Hunger, dal punto di vista cronologico, si inserisce in una fase già avanzata della protesta. Quella in cui Bobby Sands, divenuto frattanto Officer Commanding dei detenuti, decide di dare avvio ad uno sciopero della fame ad oltranza (quello precedente, guidato da Brendan Hughes, si era concluso quando uno dei detenuti stava per morire ed i compagni, per evitare che ciò accadesse, decisero di interrompere lo sciopero dando credito a fumose promesse degli inglesi).
Ma veniamo più da vicino al film. Hunger, si è detto, è molto crudo. La macchina da presa di McQueen non lesina dettagli nell’inquadrare i mucchi di escrementi all’interno di celle claustrofobiche ed i vermi che vi si agitano, nel trasportarci nel vivo del dramma dei detenuti e nel farci così rivivere le condizioni disumane dei prigionieri in rivolta, gli abusi, i soprusi, i pestaggi cui sono sottoposti (mentre fanno da contraltare alle immagini registrazioni originali delle parole di Margaret Thatcher che, con disdegno e sarcasmo, fa professione di inflessibilità e mostra il più assoluto disinteresse per le ragioni dei rivoltosi).

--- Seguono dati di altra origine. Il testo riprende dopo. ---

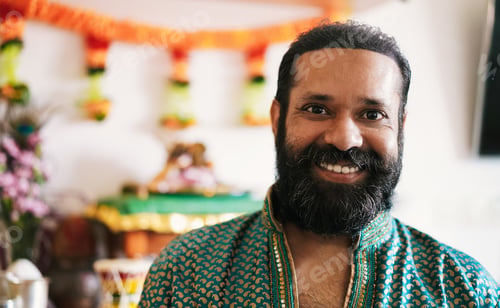 Preview: Portrait Of Indian Man During Religion Fest At Home - Hindu Cultures And Ethnic Concept - Focus On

Il racconto filmico, si può dire, si svolge su due piani paralleli: da un lato l’inferno della vita all’interno del carcere, dall’altro l’apparente serenità della vita famigliare di un funzionario del carcere (il dentro ed il fuori dal dramma). Serenità solo apparente, però. Il secondo piano, infatti, non può non condizionare il primo. Così, il funzionario del carcere si ritrova, nella sequenza iniziale, ad immergere le mani in un lavandino colmo d’acqua per dare sollievo ai segni sulle nocche lasciati dai colpi sferrati ai detenuti il giorno prima e si china per verificare che non ci sia dell’esplosivo sotto la sua auto, prima di avviare il motore.
Spartiacque all’interno della narrazione è poi un lungo dialogo tra Sands ed un prete cattolico (Padre Dominic Moran), che assume un po’ le vesti di coscienza critica dello stesso Sands. Qui vengono esposte le ragioni politiche del gesto estremo cui Bobby Sands si prepara, le motivazioni dell’ineluttabilità dello sciopero della fame ad oltranza; ragioni che si mescolano ad esperienze e suggestioni personali, a sensazioni e stratificazioni culturali, a due differenti modi di essere che rappresentano anche le due diverse anime del movimento che da sempre si contrappongono tra loro: la prima interventista e radicale, l’altra più propensa al dialogo ed a lasciar spazio alla politica.
Nella seconda parte del film, la macchina da presa documenta il lento ed inesorabile disfacimento del corpo di Sands, interpretato da un bravissimo e (per l’occasione) magrissimo Fassbender. Le piaghe da decubito, gli aghi inseriti nelle vene oramai scoperte per prelevare il poco sangue rimasto necessario ai dovuti accertamenti clinici, i pasti lasciati inutilmente sul comodino di fianco al letto e le precauzioni (sempre crescenti) per proteggere un corpo sempre più debole, sempre più incapace di reagire. Un lento, ostinato addio alla vita, un consapevole, estremo gesto di dignità.